What carries you? - Ein Gespräch mit Nina

 

Der März bringt sanfte Veränderungen: Licht, das wärmer wird, die ersten Knospen, ein Hauch von Neubeginn. In dieser Zeit fragen wir uns: Was trägt uns durch Übergänge? Was gibt uns Form, wenn wir Schichten ablegen? Was unterstützt uns, während wir uns neu ausrichten?

In meinem Umfeld und in meinem Team habe ich diesen Monat immer wieder die Frage gestellt: „Was trägt dich?“ Auch euch als Community haben wir dazu eingeladen, hinzuspüren.

Heute nehme ich mir bewusst die Zeit, diese Frage selbst zu beantworten. Nicht aus dem Bedürfnis heraus, eine fertige Antwort zu geben, sondern aus dem Wunsch, ehrlich zu reflektieren und den Raum für echte Verbindung zu öffnen.
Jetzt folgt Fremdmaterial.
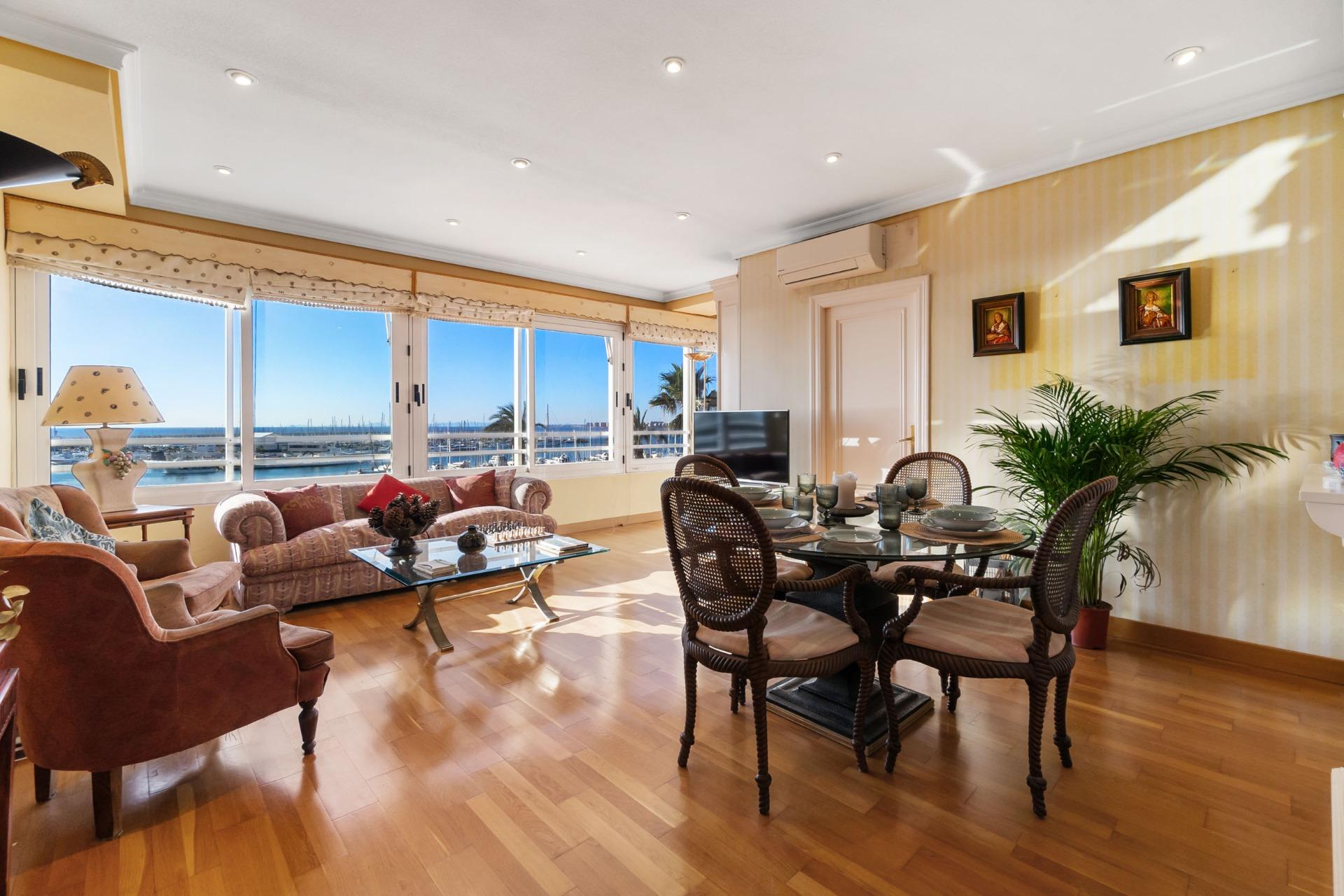 For sale - 4 Bedroom 2 Bathroom Apartment in Torrevieja - Centro - Muelle Pesquero  - Alicante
Vielleicht magst du dich beim Lesen selbst fragen: Was trägt dich gerade? Ich freue mich, wenn du deine Gedanken in den Kommentaren teilst.

Was bedeutet für dich „What Carries You“ im Alltag – was gibt dir Halt, wenn alles sich verändert?

Nina: Was mich trägt, sind die kleinen, verlässlichen Dinge: ein Morgen mit Kaffee und Musik, ein schönes Gespräch mit einer guten Freundin, eine halbe Stunde auf der Yoga-Matte. Wenn sich vieles verändert, halte ich mich an diesen Momenten fest. Sie erinnern mich daran, wer ich bin, auch wenn alles um mich herum im Fluss ist. Halt kommt bei mir selten von grossen Entscheidungen, sondern von ganz kleinen Anker-Momenten im Alltag.

Im März geht es um sanfte Veränderungen und das Loslassen von Schichten. Gibt es Routinen, Menschen oder Entscheidungen, die dich durch solche Übergänge tragen?

Nina: Übergänge sind für mich immer eine Mischung aus Aufregung und Unsicherheit. Ich brauche dann Menschen, die mich kennen und trotzdem fragen, wie es mir wirklich geht. Meine Routinen helfen mir auch: Bewegung, Tageslicht, kreative Momente nur für mich.

“Wenn die schweren Schichten fallen, beginnt für mich der Frühling.” - Nina

Wenn du den Frühling symbolisch mit etwas tragen könntest – sei es ein Gefühl, ein Kleidungsstück oder einen Wert – was wäre es und warum?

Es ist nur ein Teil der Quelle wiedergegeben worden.